Big data is an incredibly popular topic. Plentiful articles, books, and blogs have been written on this topic and countless sessions have been presented that discuss some aspect of big data. I am a big fan of big data, because organizations have been able to improve and extend their analytical capabilities through their big data systems, resulting in various business benefits.
But I am also aware that big data is sometimes being overhyped. Take for example this statement: “Big data: A revolution that will transform how we live, work and think”, and “Without big data, you are blind and deaf in the middle of a freeway.” These and many others are all hyperboles. The danger is that big data is being over oversold and that this creates a false or skewed picture of big data and leads to false expectations.
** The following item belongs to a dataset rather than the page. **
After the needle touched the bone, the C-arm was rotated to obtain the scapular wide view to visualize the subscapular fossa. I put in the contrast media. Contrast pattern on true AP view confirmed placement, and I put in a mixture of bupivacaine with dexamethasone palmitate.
Therefore, I decided to write a number of blogs on big data myths. Each myth is based on statements that repeatedly pop up in articles and sessions. I call them the big myths on big data.
The first big myth I want to address is that big data is sometimes presented as the goal of a project or system. Wrong, the goal is never to develop a big, fat database. Can you imagine a meeting in an IT department that ends with a statement like: “Ok guys, let’s see if we can develop the biggest database on the planet.” This is not how it works in real life. That can never be a goal.
Nor is big data ever a question. Users never call the IT department with a question such as: “Please, can you develop a big database for me?”
If big data is something, it’s an answer, or, in fact, it’s part of an answer. But then, if big data is part of an answer, what’s the question? In almost all the big data systems, the question is analytics. Organizations want to increase, enrich, or extend their analytical capabilities, and quite often this requires more data, big data. So, it’s almost always analytics that’s driving big data systems.
Do not confuse analytics with reporting. Reporting is primarily about presenting what has happened, whereas analytics is mainly aimed at showing what may happen and at influencing what’s going to happen. Typical examples of analytics that may require big data are: improving product development, optimizing business processes, optimizing the operations of machines, improving the level of customer care and customer delight, and personalizing products.
So, the goal is not big data, the goal is to improve and extend the analytical capabilities of an organization. However, sometimes, with all these technical discussions on Hadoop and NoSQL, and so on, we tend to forget this. The following somewhat crude saying can apply in big data projects: “When you are up to your ass in alligators, it’s difficult to remember that your initial objective was to drain the swamp.” I think this applies to some big data projects. The goal is not big data itself, it’s analytics.
Hadoop has become a popular and powerful platform for data storage and data processing. Data stored in Hadoop can be used by a wide range of applications and tools and for a wide range of use cases. The fact that SQL can be used to retrieve Hadoop data, has opened up the data to even more tools, especially tools for reporting and analytics. A question organizations have to ask themselves is in which SQL-on-Hadoop technology they should invest? They can go for straightforward SQL-on-Hadoop engines or for data virtualization servers.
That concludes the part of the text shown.